Question

Air flows steadily through an adiabatic turbine, entering at 150 psia, \(900^{\circ} \mathrm{F}\), and \(350 \mathrm{ft} / \mathrm{s}\) and leaving at 20 psia, \(300^{\circ} \mathrm{F}\), and \(700 \mathrm{ft} / \mathrm{s}\). The inlet area of the turbine is \(0.1 \mathrm{ft}^{2} .\) Determine \((a)\) the mass flow rate of the air and \((b)\) the power output of the turbine.

Short answer

Answer: The mass flow rate of the air is 2.184 lb/s, and the power output of the turbine is 446.7 hp.

Step-by-step solution

Convert temperatures to Rankine

To convert temperatures from Fahrenheit to Rankine, we add 459.67: \(T_{1} = 900^{\circ} \mathrm{F} + 459.67 = 1359.67\, \mathrm{R}\) \(T_{2} = 300^{\circ} \mathrm{F} + 459.67 = 759.67\, \mathrm{R}\)

Calculate the mass flow rate

Using the continuity equation, which states that the mass flow rate is constant across the turbine, we get: \(\dot{m} = \rho AV\) We will assume air is an ideal gas, which allows us to use the equation of state: \(\rho = \frac{P} {RT}\) where \(\rho\): density of air \(P\): pressure \(R\): specific gas constant for air (\(53.35 \, \mathrm{ft.lb/(lb.R})\)) \(T\): temperature in Rankine At the inlet of the turbine, \(P_1 = 150\,\mathrm{psia}\) and \(T_1 = 1359.67\,\mathrm{R}\): $\rho_1 = \frac{P_1} {R T_1} = \frac{150 \times 144} {53.35 \times 1359.67} = 0.0624 \,\mathrm{lb/ft^3}$ (we multiply by 144 to convert from psia to lb/ft^2) The inlet area is given, \(A_1 = 0.1\,\mathrm{ft^2}\), and the inlet velocity is given, \(V_1 = 350\,\mathrm{ft/s}\). Now we can calculate the mass flow rate: \(\dot{m} = \rho_1 A_1 V_1 = (0.0624)(0.1)(350) = 2.184\, \mathrm{lb/s}\) (a) The mass flow rate of the air is \(2.184\, \mathrm{lb/s}\).

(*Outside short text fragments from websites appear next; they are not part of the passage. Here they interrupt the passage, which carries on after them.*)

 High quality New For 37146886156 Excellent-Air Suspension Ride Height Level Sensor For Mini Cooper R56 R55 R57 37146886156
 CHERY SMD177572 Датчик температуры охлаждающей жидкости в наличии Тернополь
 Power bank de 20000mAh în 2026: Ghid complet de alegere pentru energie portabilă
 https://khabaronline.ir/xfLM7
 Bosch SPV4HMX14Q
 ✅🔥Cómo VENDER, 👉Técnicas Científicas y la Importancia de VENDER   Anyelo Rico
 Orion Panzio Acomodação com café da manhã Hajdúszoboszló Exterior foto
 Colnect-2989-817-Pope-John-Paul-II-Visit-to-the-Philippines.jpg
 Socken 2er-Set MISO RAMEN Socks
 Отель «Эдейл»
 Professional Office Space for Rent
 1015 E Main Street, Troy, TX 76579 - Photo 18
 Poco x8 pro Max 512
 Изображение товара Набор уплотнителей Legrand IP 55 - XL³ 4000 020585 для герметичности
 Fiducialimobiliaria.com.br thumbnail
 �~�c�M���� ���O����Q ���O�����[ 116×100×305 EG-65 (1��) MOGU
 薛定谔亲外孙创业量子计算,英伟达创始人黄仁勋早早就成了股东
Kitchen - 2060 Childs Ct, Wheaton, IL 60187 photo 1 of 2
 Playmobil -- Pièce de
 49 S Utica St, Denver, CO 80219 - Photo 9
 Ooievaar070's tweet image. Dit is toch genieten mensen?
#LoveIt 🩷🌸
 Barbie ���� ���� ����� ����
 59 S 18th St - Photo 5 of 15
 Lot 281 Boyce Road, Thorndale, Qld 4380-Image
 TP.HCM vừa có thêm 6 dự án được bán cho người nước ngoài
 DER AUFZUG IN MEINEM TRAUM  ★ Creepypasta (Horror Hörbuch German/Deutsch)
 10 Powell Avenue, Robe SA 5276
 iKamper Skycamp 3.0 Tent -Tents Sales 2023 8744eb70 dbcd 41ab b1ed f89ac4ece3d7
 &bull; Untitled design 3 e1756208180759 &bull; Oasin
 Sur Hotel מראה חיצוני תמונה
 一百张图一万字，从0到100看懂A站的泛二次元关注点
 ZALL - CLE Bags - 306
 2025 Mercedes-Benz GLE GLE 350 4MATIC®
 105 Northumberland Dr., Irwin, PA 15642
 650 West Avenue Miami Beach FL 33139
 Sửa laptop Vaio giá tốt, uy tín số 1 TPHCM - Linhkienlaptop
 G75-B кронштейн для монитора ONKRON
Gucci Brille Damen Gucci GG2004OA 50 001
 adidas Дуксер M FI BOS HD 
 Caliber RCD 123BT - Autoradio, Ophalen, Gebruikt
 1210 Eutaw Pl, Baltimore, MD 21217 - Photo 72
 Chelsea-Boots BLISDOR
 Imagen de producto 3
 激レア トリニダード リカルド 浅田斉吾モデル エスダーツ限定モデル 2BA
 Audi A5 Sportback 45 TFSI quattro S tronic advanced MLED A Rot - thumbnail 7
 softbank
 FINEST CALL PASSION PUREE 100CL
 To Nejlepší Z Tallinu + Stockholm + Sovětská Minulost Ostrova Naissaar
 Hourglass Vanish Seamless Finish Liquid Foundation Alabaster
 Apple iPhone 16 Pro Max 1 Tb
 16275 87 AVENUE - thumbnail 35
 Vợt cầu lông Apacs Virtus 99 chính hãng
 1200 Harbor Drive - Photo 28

Calculate the power output

The power output of the adiabatic turbine can be calculated using the adiabatic equation: \(W_{out} = \dot{m}\left(h_1 - h_2 + \frac{1}{2}(V_1^2 - V_2^2)\right)\) We will use the ideal gas equation for enthalpy: \(h = c_p T\) where \(c_p = 0.240\, \mathrm{Btu/lb.R}\) is the specific heat capacity at constant pressure for air. For the inlet, \(h_1 = c_p T_1 = 0.240 \times 1359.67 = 326.32\, \mathrm{Btu/lb}\) For the outlet, \(h_2 = c_p T_2 = 0.240 \times 759.67 = 182.32\, \mathrm{Btu/lb}\) Additionally, the outlet velocity is given as \(V_2 = 700\,\mathrm{ft/s}\). Now we can calculate the power output: \(W_{out} = 2.184 \left((326.32 - 182.32) + \frac{1}{2}(350^2 - 700^2)\frac{1}{778}\right)\) (the 1/778 factor is used to convert ft.lb to Btu) \(W_{out} = 315.85\, \mathrm{Btu/s}\) To convert to horsepower, we use the conversion factor 1 Btu/s = 1.414 horsepower: \(W_{out} = 315.85 \times 1.414 = 446.7\, \mathrm{hp}\) (b) The power output of the turbine is \(446.7\, \mathrm{hp}\).